Fortran ports
This is a new implementation of BabelStream using Fortran.
The code uses a Fortran driver that is largely equivalent to the C++ one, with a few exceptions. First, it does not use a C++ class for the stream object, since that doesn't seem like a useful way to do things in Fortran. Instead, I use a module that contains the same methods, and which has alloc and dealloc that act like CTOR and DTOR.
The current implementations are:
DO CONCURRENT- Fortran array notation
- Sequential
DOloops - OpenACC
parallel loop - OpenACC
kernelson Fortran array notation - OpenMP
parallel do - OpenMP
taskloop - OpenMP
target teams distribute parallel do simd - OpenMP
target teams loop - CUDA Fortran (handwritten CUDA Fortran kernels, except DOT)
- CUDA Fortran kernels (
!$cuf kernel do <<<*,*>>>)
I have tested with GCC, Intel (ifort and ifx), and NVHPC compilers on AArch64, x86_64 and NVIDIA GPU targets, although not exhaustively.

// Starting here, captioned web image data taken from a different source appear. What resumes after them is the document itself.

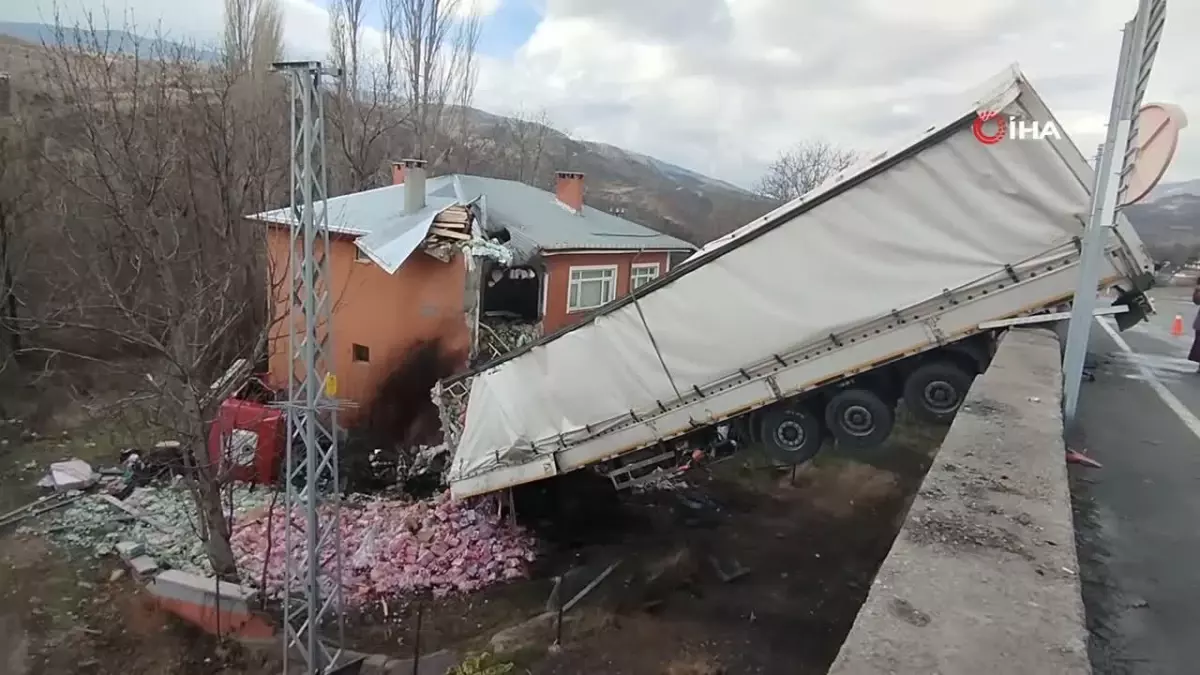 Tırlar yüzünden evi terk ettiler: Üstüne kamyon ve tır düşen ev gündem oldu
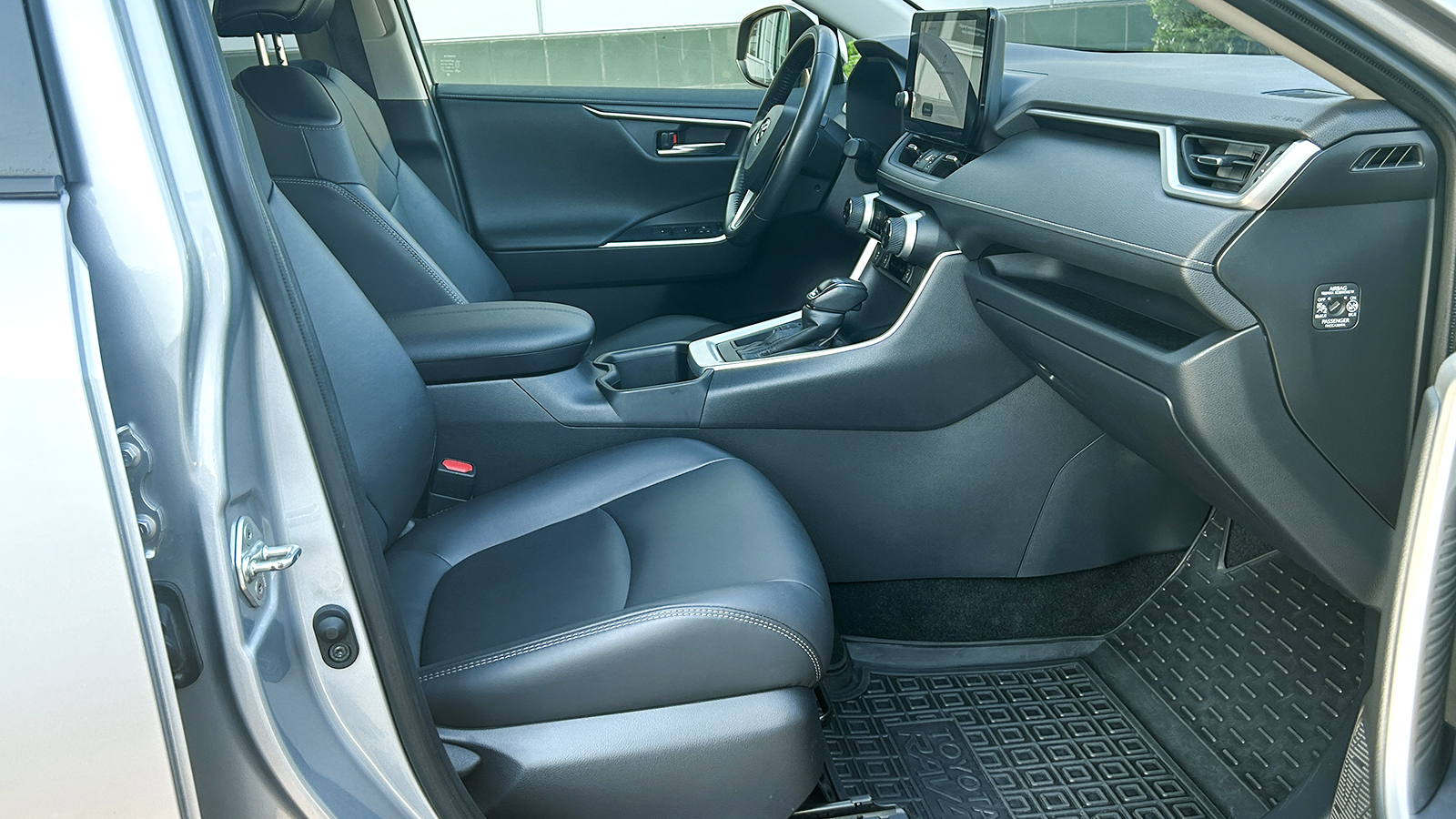 Toyota RAV4 2023 року з пробігом 48340 км, Універсал, Тойота Центр Чернівці "Олімп-Моторс", м.Чернівці - 1420000 ГРН | Фото № 6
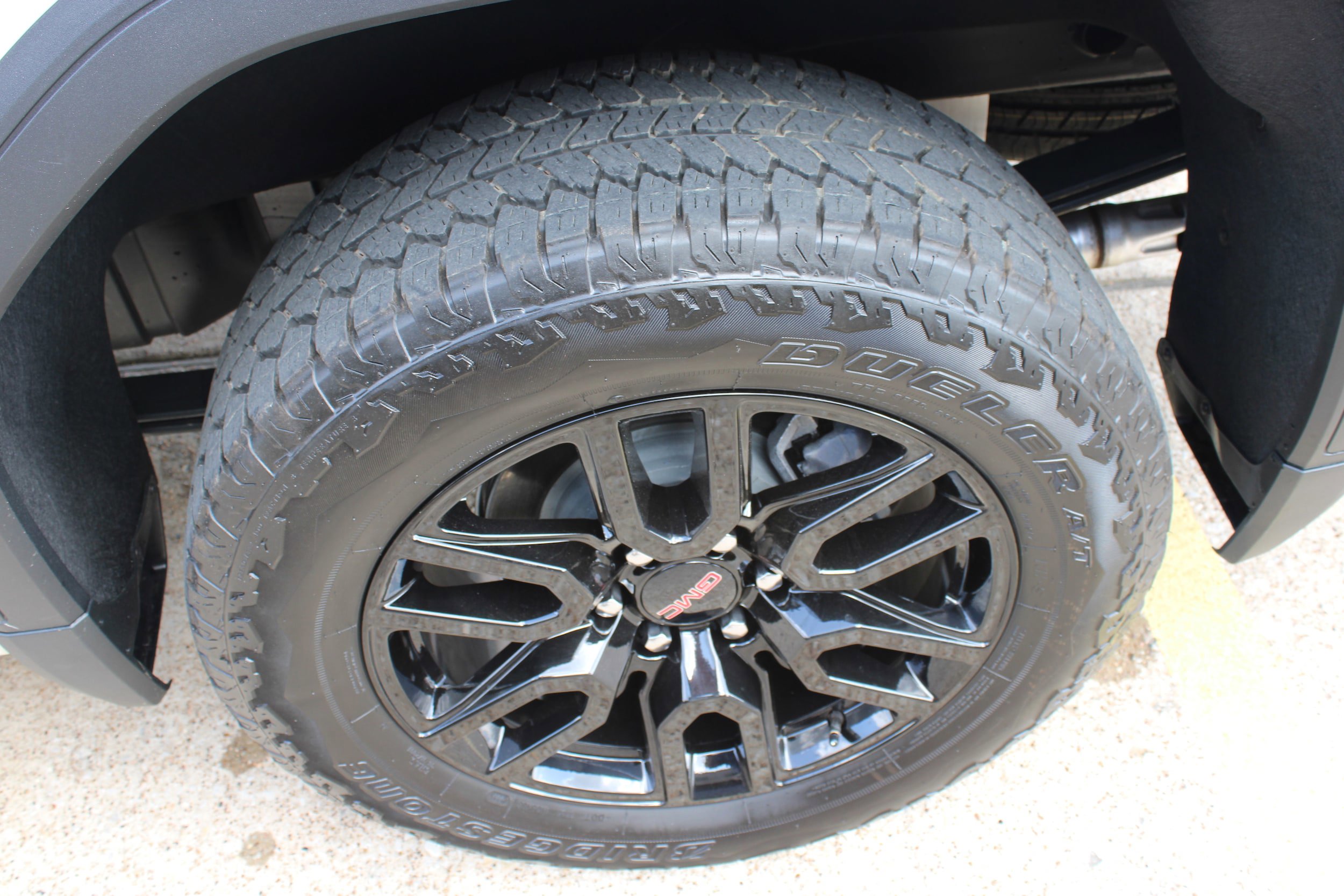 Used 2025 GMC Sierra 1500 Elevation w/ LPO, Elevation Black Package AWD/4WD image 21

The current build system is GNU Make, and requires the user to manually specify the compiler and implementation. I have not, and will not, do anything related to CMake.
~The only thing missing now is CSV output.~ CSV printing is supported.
Comment to the reviewers: For the array version, would you consider adding !$acc kernels around the sections of array syntax? In theory, it would also be valid to put an !$omp workshare around them for OpenMP compilers. I'm not sure whether any compilers will auto-parallelize, much less auto-offload, the array syntax, but a variety of compilers will happily support one or both of those parallelization hints.
@jefflarkin - definitely worth exploring what happens in both of those cases for sure!
@jefflarkin See OpenACCArrayStream.F90
OpenMPWorkshareStream.F90 is there too now, but it should not offload, because OpenMP does not have omp target workshare yet, as far as I know. It should, but someone has to argue with the workshare haters on the committee.
I removed the IEEE NaN check from this branch, because I did it wrong. It is now fixed, and there are other improvements in other branches, which I'll merge after the paper is accepted. I don't want to break the branch linked in the paper for obvious reasons.
I've now implemented CSV printing, while REAL32 and INT32 options both seem to be working now too.
This is ready for review. I merged in all the good stuff done post-submission.